みんなには気付かれないように暗い影に隠れている私は、狛には見えていないはずなのに。
「………やっぱりやめた」
そう呟いた狛は、くるりと光に背を向けた。
その顔はなんだか生き生きとしているように見えて、さっきまでの無表情とは別人のようだ。
………わからない。
狛は、何を考えているんだろう。
「なぁ、お前さ」
「……………」
私は仮にも狛達の命を脅かし、事実数人殺した幽霊だと言うのに、彼が張り上げたその声は確実に私に向けられたものだ。

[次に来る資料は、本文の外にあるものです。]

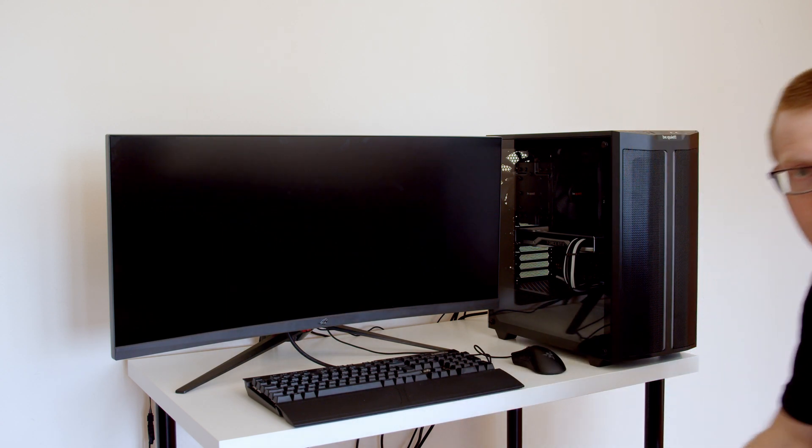Okay, so that's the build complete. Next thing we need to do is install Windows and get the PC up and running. To do that, you're going to need a Windows 10 bootable USB drive. If you don't know how to make one of those, I'm going to put a link in the description to show you. We just need to plug this into one of the USB ports on the back of the computer.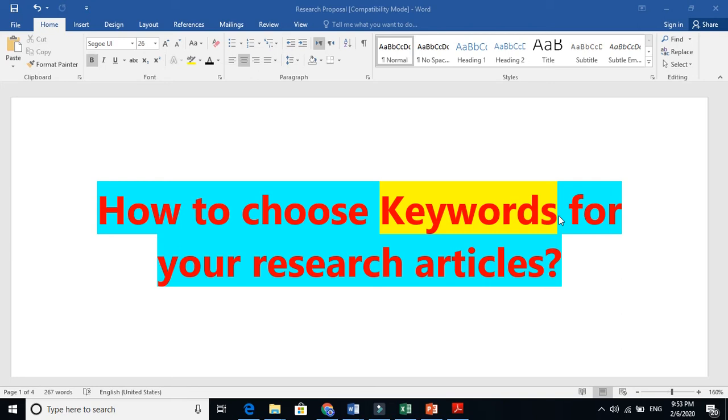Hello friend, in this video I am going to tell you how to choose keywords for your research articles. Why these keywords, title, and abstracts are so important?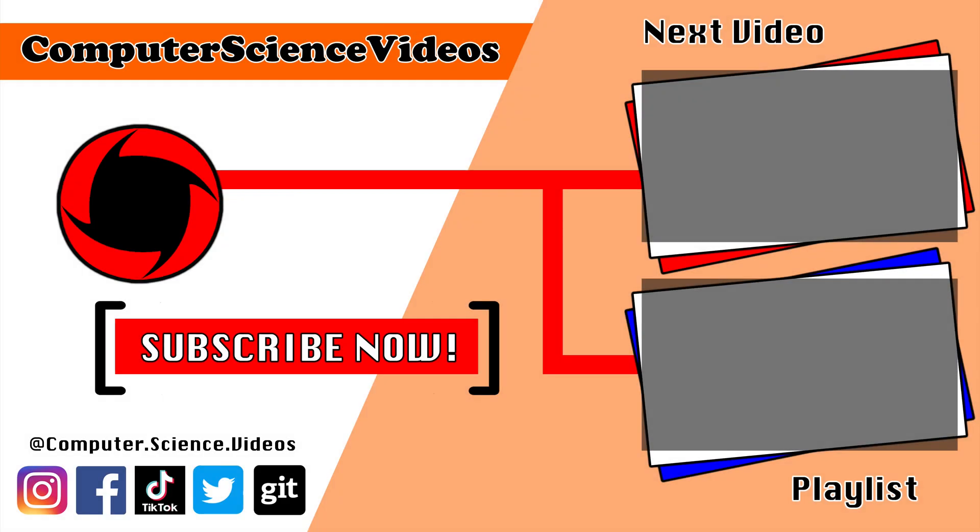Thank you for making it towards the end of the video. Be sure to subscribe to my channel, Computer Science Videos. Be sure to check out the previous video on screen now, or you can ideally click on the playlist and watch all the journey for Computer Science Videos from the start until now.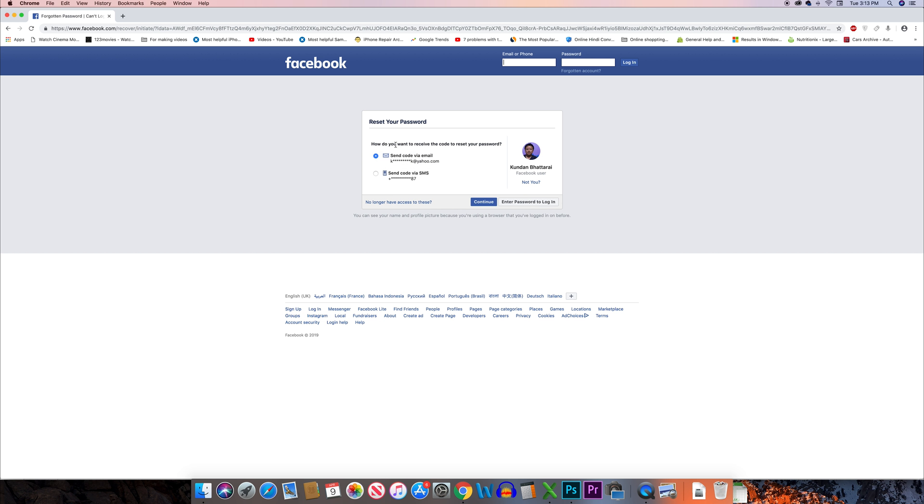Now what you have to do is you have to reset your password since you have forgotten the password. I can either reset the password by sending the reset code to my email ID or I can reset it by sending it to my phone number. I will choose the next option and I will go to continue.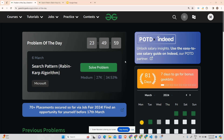Hey guys, welcome back to my channel. Today we will be solving another problem — today's problem is a basic one in the sense that it is a defined problem. We don't have to think; we have to know the Rabin-Karp algorithm. There is no other way because you cannot guess what Rabin-Karp advises — the algorithm is not something you adopt, you have to study about it.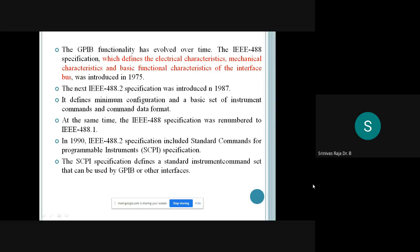The GPIB functionality has evolved over time. The IEEE 488 specification defines the electrical characteristics, mechanical characteristics, and basic functional characteristics of the interface bus. GPIB or General Purpose Interface Bus is referred to as the IEEE 488 specification.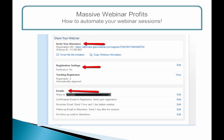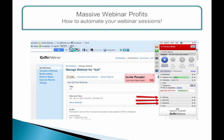Further down the page, you can set all the parameters like automated emails, invitations, and registration settings. When you click on the Practice button and have installed the required file, you will see that you can control the entire webinar with this tool.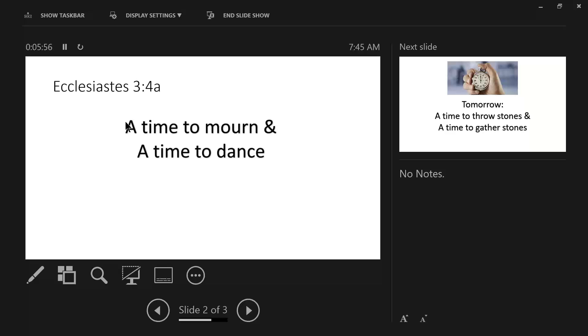David danced before the Lord because the Ark of the Covenant was being returned to Jerusalem. It was a time of worship, and David was excited to express in his own personality, even as king, to dance before the Lord, to leap about.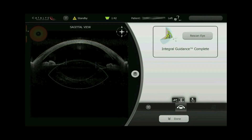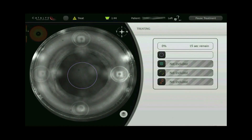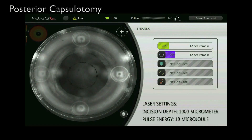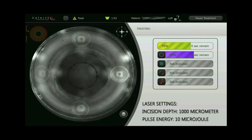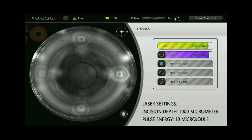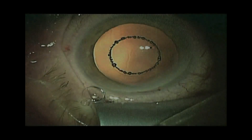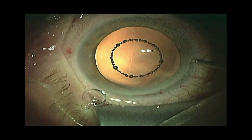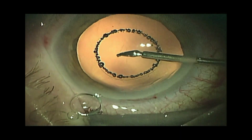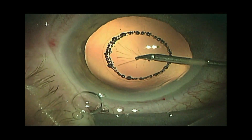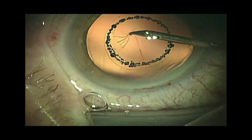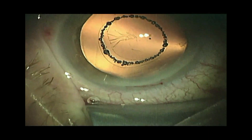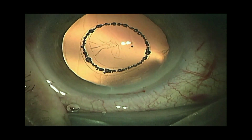After final confirmation, the posterior capsule is created. The patient is undocked and rotated to the operating microscope, where the residual gas bubbles from the posterior capsulotomy are clearly visible just inside the anterior capsulotomy. The posterior capsulotomy is verified to be complete and is carefully removed using micro forceps.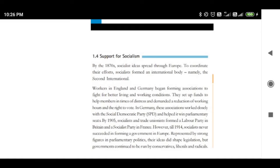By 1905, one more party was founded — the Labour Party — and it was founded in Britain. That means in the first decade of the 20th century a party was founded in Britain: the Labour Party. Similarly, in France one more party was founded: the Socialist Party. So by 1905, the Labour Party was founded in Britain and the Socialist Party was founded in France.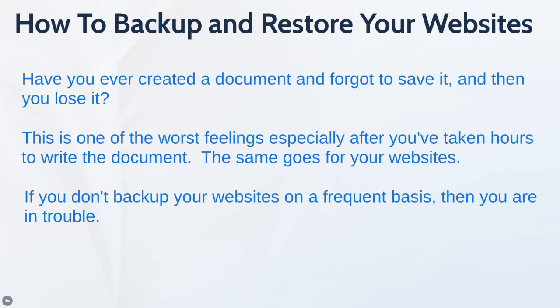Now another scenario of why you would want to do this is if you wanted to back it up and then move it to a different host. You could do this as well. So let's jump right in and let me show you how it all works.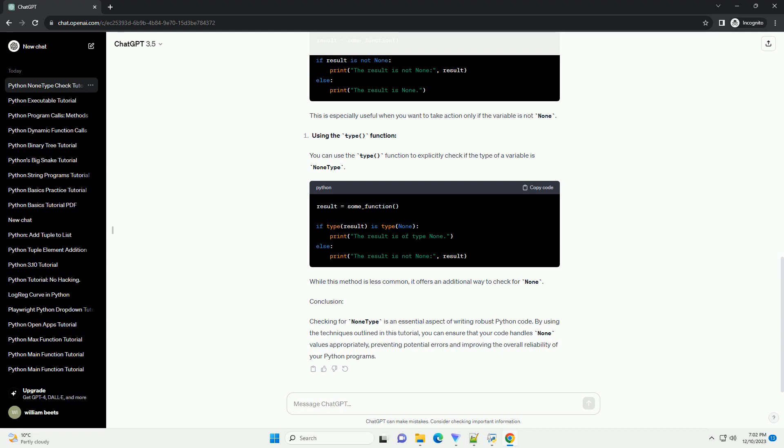Conversely, you can use the is not keyword to check if a variable is anything other than None. This is especially useful when you want to take action only if the variable is not None.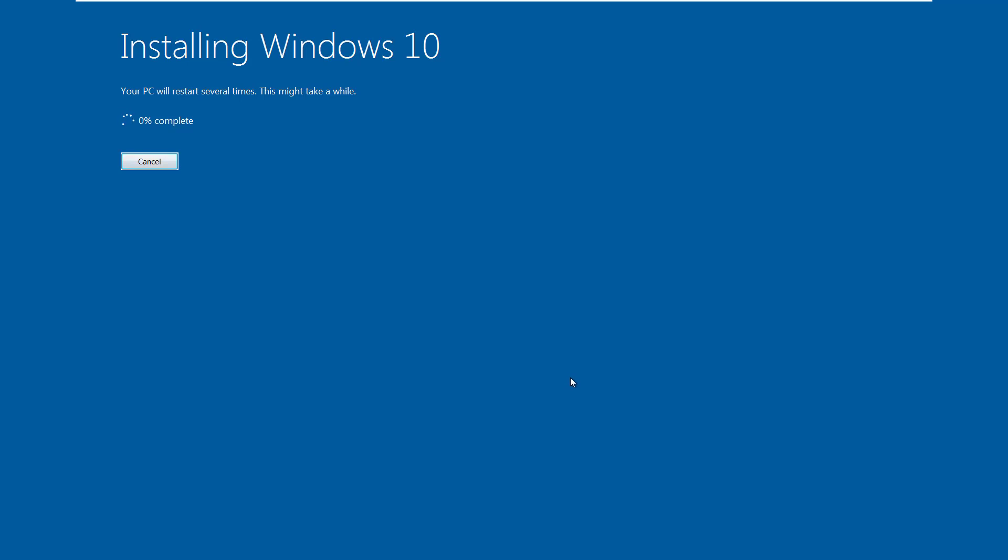And there we go. It's gonna start the installation process. Now, if you work on computers, you will know that this is a re-image process. This is just the operating system itself installing onto the hard drive.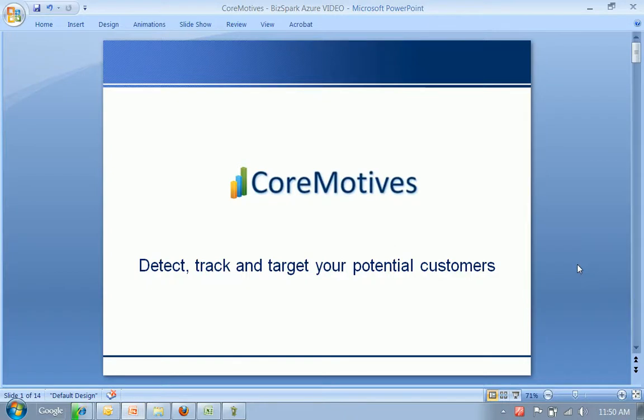Okay, so I would like to show you the Core Motives Marketing Suite, which enables you to detect, track, and target your potential customers.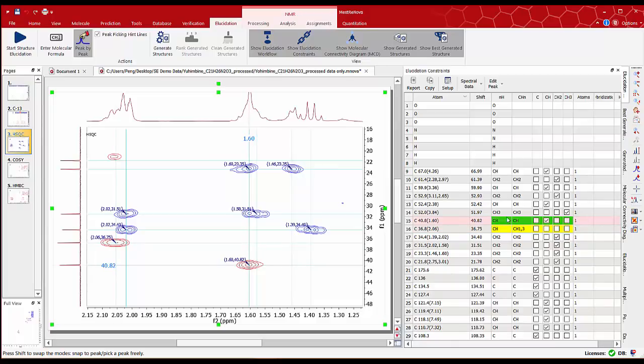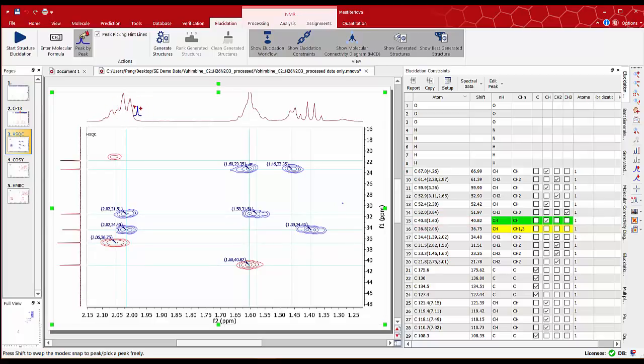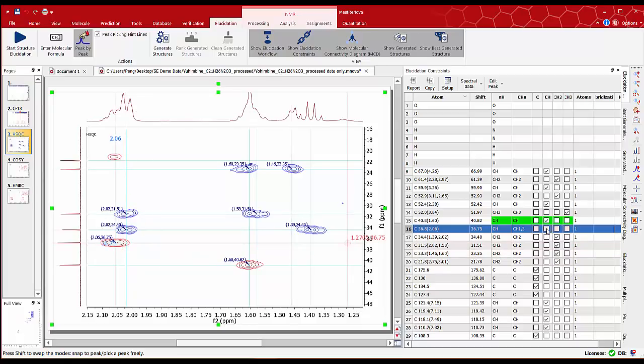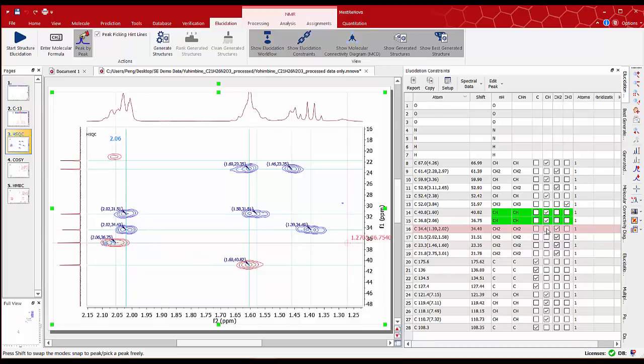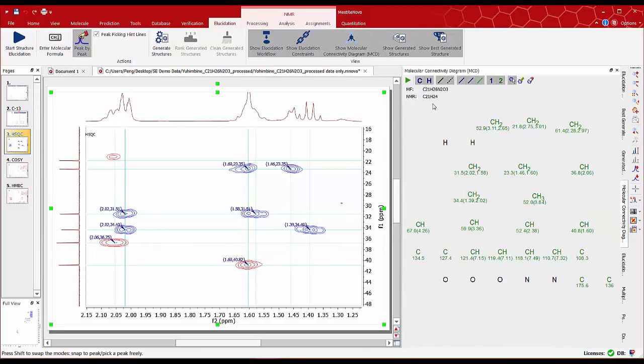We can do the same for row 16 with chemical shift around 2.05 ppm. From the integral value we can see it can only be a CH group. So we can edit it in the same way as we did for row 15. Back to the MCD diagram. We can see there are no ambiguities or messages in terms of proton assignments from the HSQC information.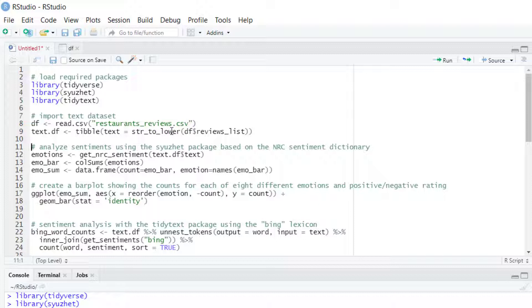Let's see an example with the CUSET package first. This package uses the NRC Emotion Lexicon which is a list of English words and their association with 8 basic emotions and 2 sentiments.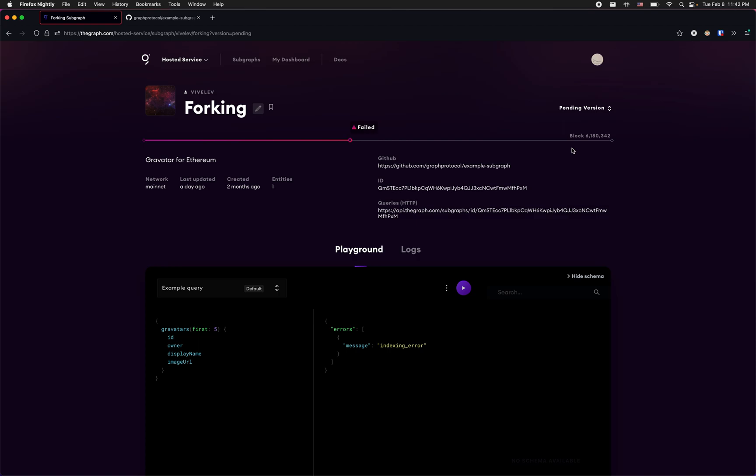But I can be a bit smarter. I can take advantage of the fact that even though the currently deployed subgraph has failed, its state is still synced up to block six million. And really that's what subgraph forking is all about. It allows you to take advantage of an already synced up state by metaphorically speaking forking off from another subgraph. So to save some time here is what I'm gonna do.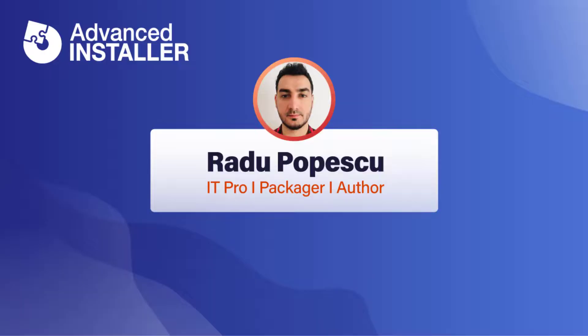Hi, I'm Radu Popescu. Today I'm going to show you how to add .NET Framework prerequisite to your package.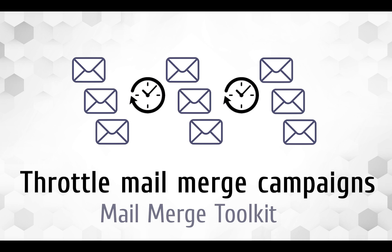Hello. Today I will show you how to schedule and throttle email campaigns in Microsoft Word using MailMerge Toolkit.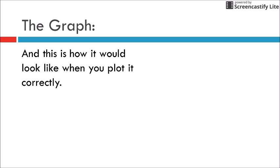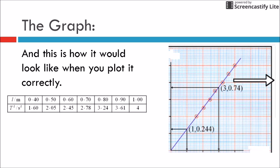The graph — this is how it would look like when you plot it correctly. Happy plotting, enjoy!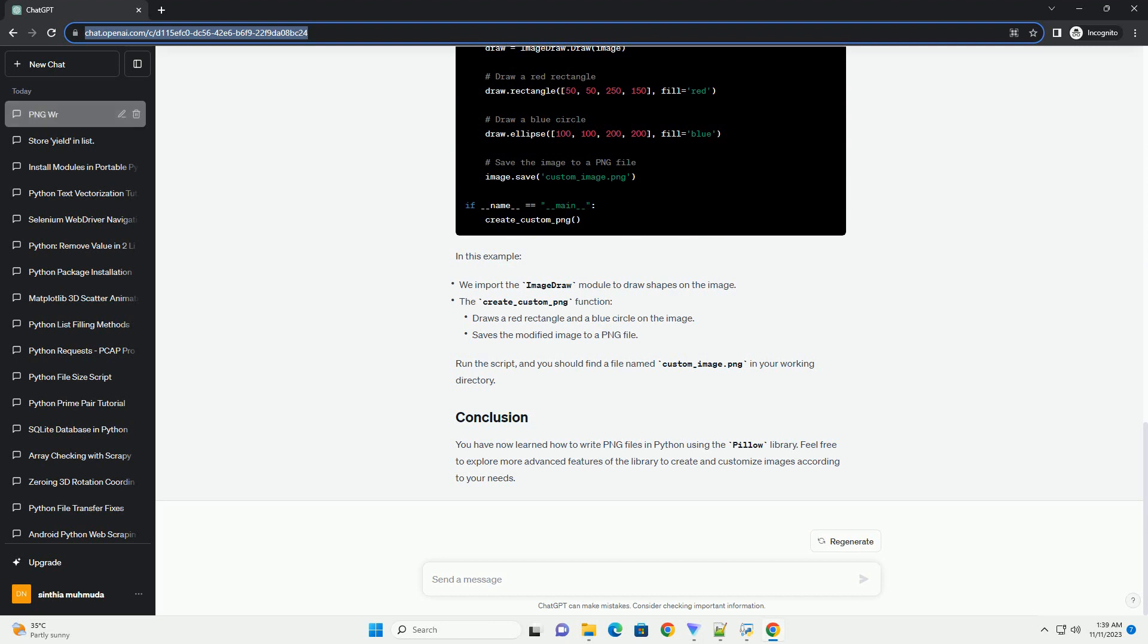Let's enhance the script to add some custom elements to the image. In this example, run the script, and you should find a file named custom_image.png in your working directory.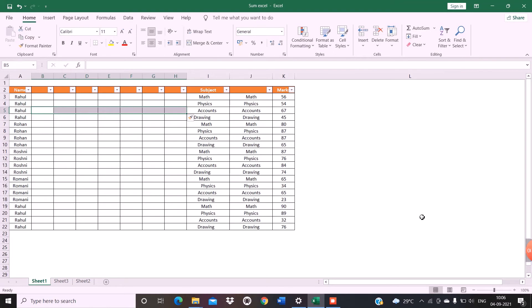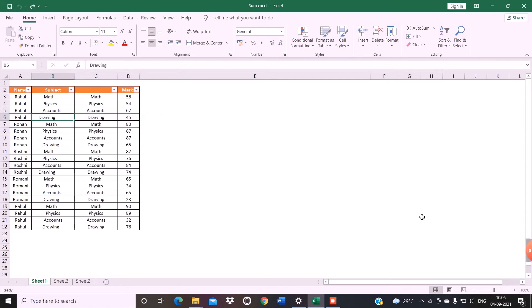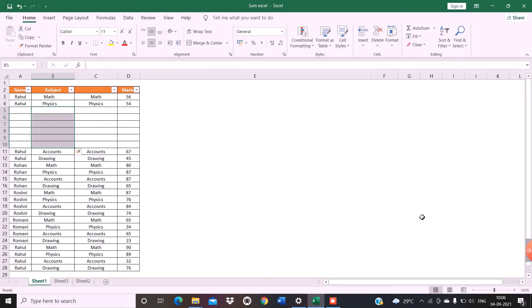If you want to insert multiple rows in your data, select the number of rows that you want to insert and again press ALT H I C. There it is.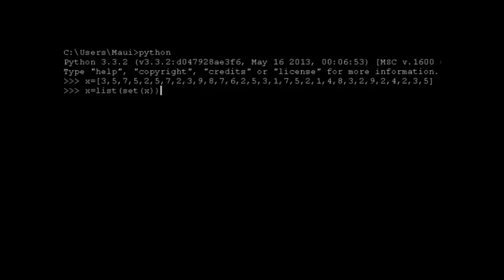And what this does is the set function converts x to a set, and it returns a set of all these elements with the duplicates removed because sets don't have any duplicates. And then it converts it back to a list and assigns it to x.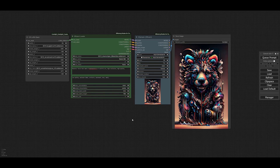That's how you can combine multiple LoRAs in ComfyUI. If you found this video helpful and useful, make sure to subscribe to this channel and like the video. Hopefully I'll see you in the next video — thank you for watching.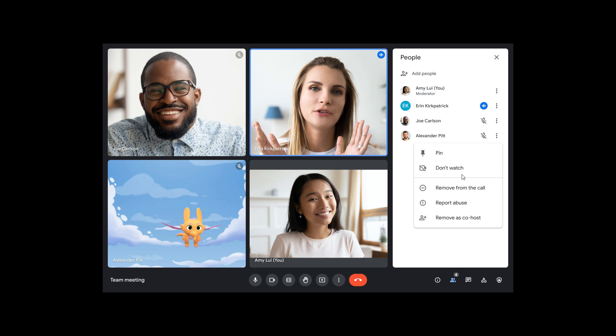if you head to the People panel or an individual meeting tile, you can select the three-dotted menu next to that participant.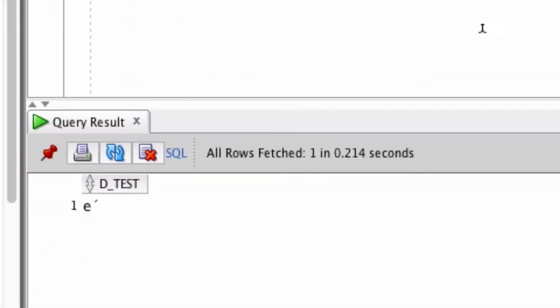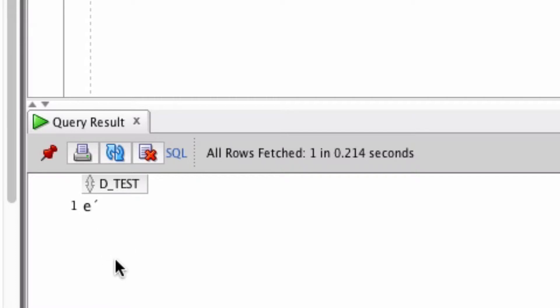If we run the query, we can see the results down here. This has decomposed or split the characters up into a single E character, then a separate character for the accent.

得体の知れない幽霊に、普通話しかけようと思うだろうか?
ただジッと狛を見つめていると、狛はなぜか急に方向転換をし、真っ直ぐに歩き出した。
なぜか、私に向かって真っ直ぐに。
…やっぱり、バレている。
どうして私の場所がわかったんだろう?
私は透けてなんてなくて、普通の人間のように見えるとはいえ、この世界は暗いし。
ちょっとやそっと目が慣れたくらいじゃ、こっそり見ている私を見つけるなんて無理だと思うんだけど。